Certificate and private key configuration for TLS/SSL connections
certificates
The certificates clause defines named X.509 certificate and private key
objects that other parts of the configuration reference (for example TLS
listeners, EAP‑TLS / PEAP / TTLS methods, management HTTPS, RADIUS/TLS, or
internal components requiring a certificate/key pair). Centralizing these
definitions avoids repeating file paths and eases rotation.
A definition is purely a reference wrapper around on‑disk PEM files; the server loads and holds them in memory after parsing.
Structure
certificates {
x509 "SERVER_CERT" {
filename "/etc/radiator/certs/server.pem";
}
key "SERVER_KEY" {
filename "/etc/radiator/private/server-key.pem";
# password "correcthorsebatterystaple";
}
}
You can define any number of certificate (x509) and private key (key) blocks.
Names are case sensitive.

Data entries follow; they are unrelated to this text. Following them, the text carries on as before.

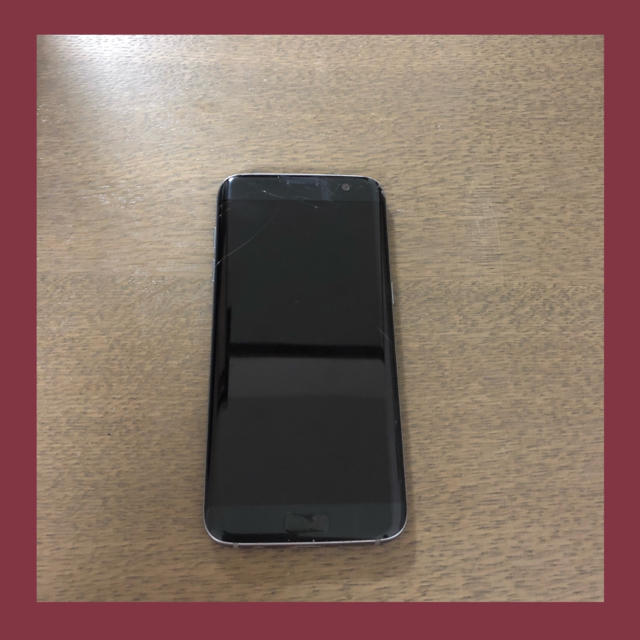 SAMSUNG(サムスン)のGalaxy S7 edge Black  スマホ/家電/カメラのスマートフォン/携帯電話(スマートフォン本体)の商品写真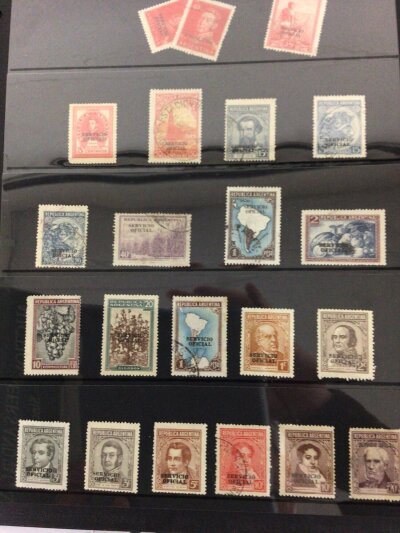 A well presented collection of Stamps predominantly Republic of Argentina including 19th century stamps and early postal covers early Air Mail Covers. Many unused Mint stamps. In three albums. NO RESERVE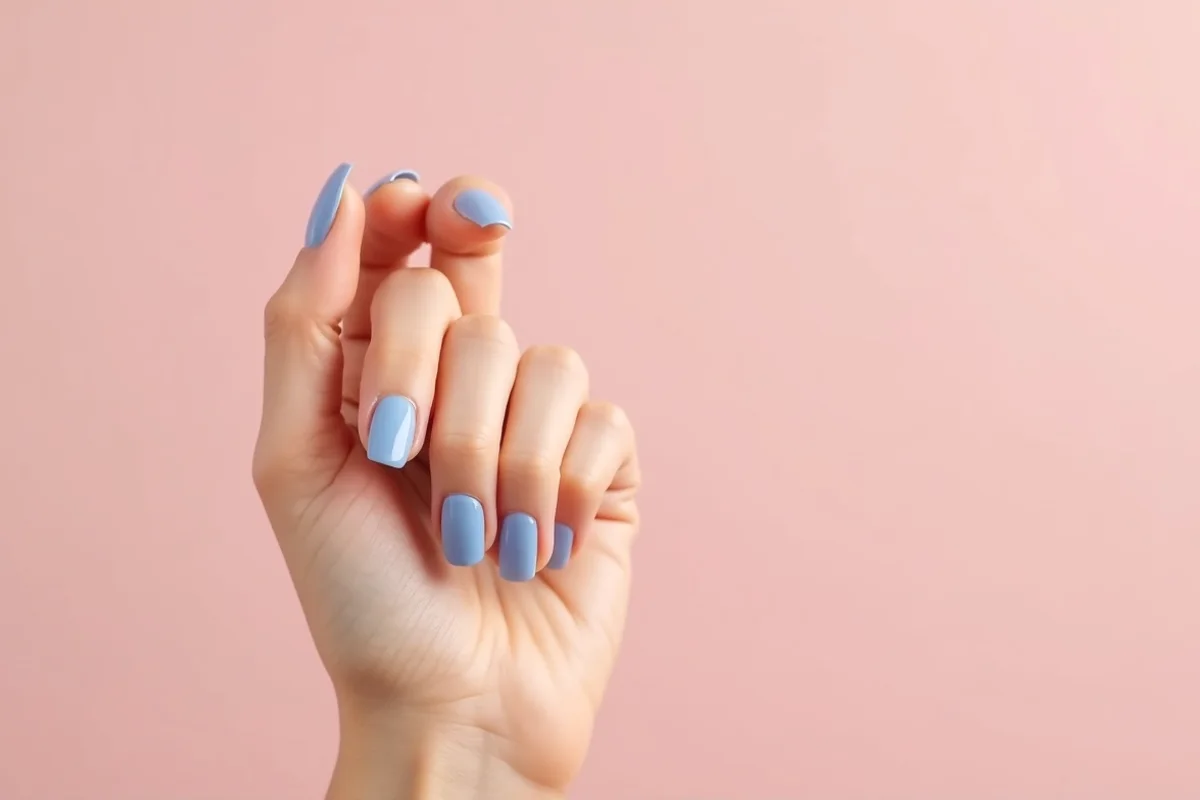 inspiración de uñas azules sin texto ni marcas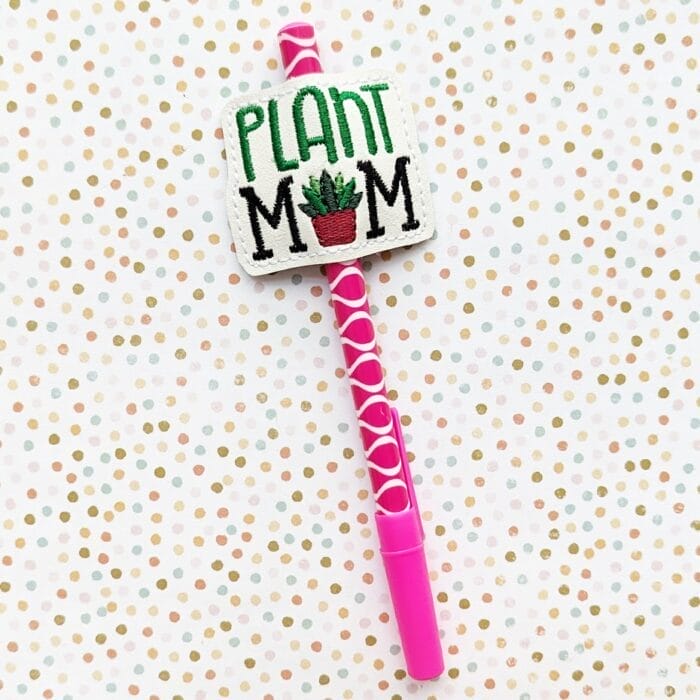 Plant Mom Feltie and Pen / Pencil Hugger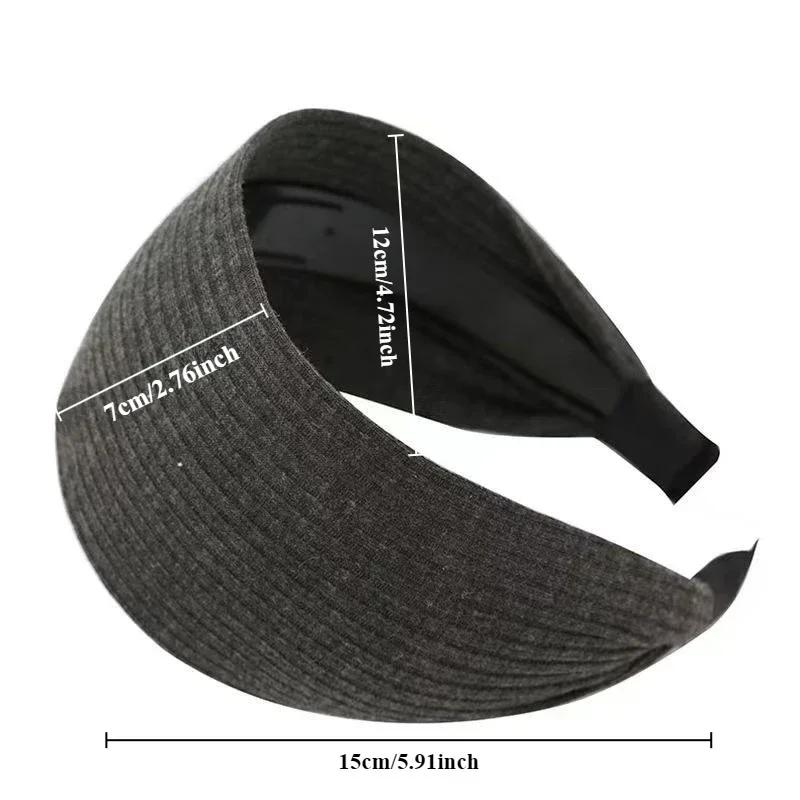 Nouveau doux large tricot coton bandeaux pour femmes filles coréen neutre solide Turban avec dents b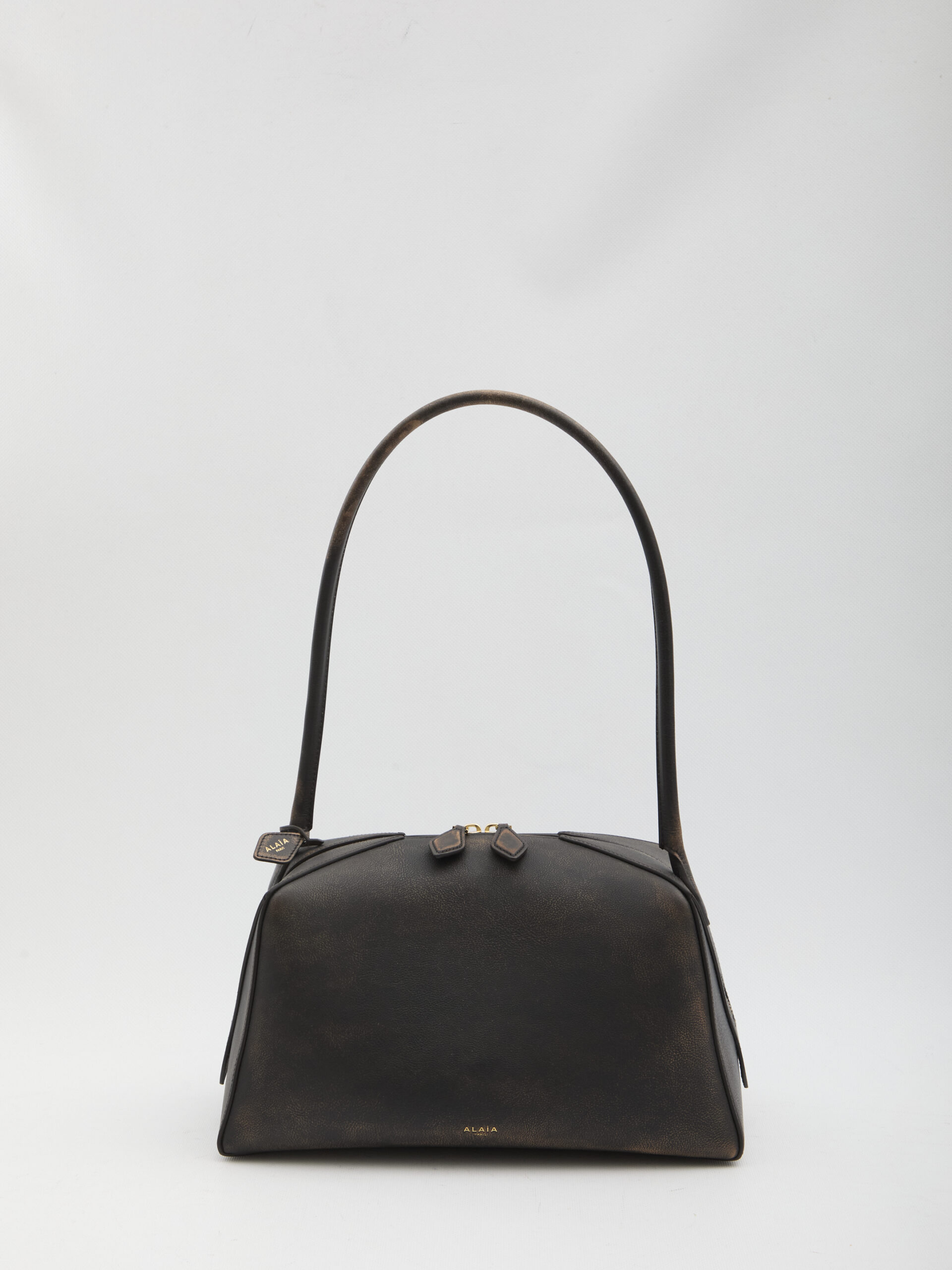 Alaia Le Bouledogue bag in distressed leather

Reusing a name will cause a configuration error.
Blocks and Statements
| Element | Context | Required | Description |
|---|---|---|---|
x509 "NAME" { ... } | certificates | No (≥1 if you need TLS) | Declares a certificate by name |
filename "path"; | Inside x509 | Yes | Absolute or relative path to PEM certificate |
key "NAME" { ... } | certificates | No (required if private key needed) | Declares a private key by name |
filename "path"; | Inside key | Yes | Path to PEM encoded private key |
password "*****"; | Inside key | No | Passphrase for encrypted key (if the PEM is encrypted) |
Relative paths are resolved relative to the working directory of the running process (typically the directory where you start the server). Prefer absolute paths for production.
Usage in Other Clauses
Example: EAP‑TLS inside an AAA handler:
authentication {
backend "USERS";
eap {
eap-tls {
tls {
certificate "SERVER_CERT";
certificate_key "SERVER_KEY";
# client_ca_certificate "CLIENTS_CA";
# require_client_certificate true;
}
}
}
}
Example: TLS listener (shape depends on the server protocol block):
servers {
radius "auth-tls" {
listen {
protocol tls;
port 2083;
ip 0.0.0.0;
}
# certificate/key reference occurs in the TLS sub-block for the listener
policy "DEFAULT";
}
}
(Refer to the server / EAP method documentation for the exact directive names
and where to reference certificate and certificate_key.)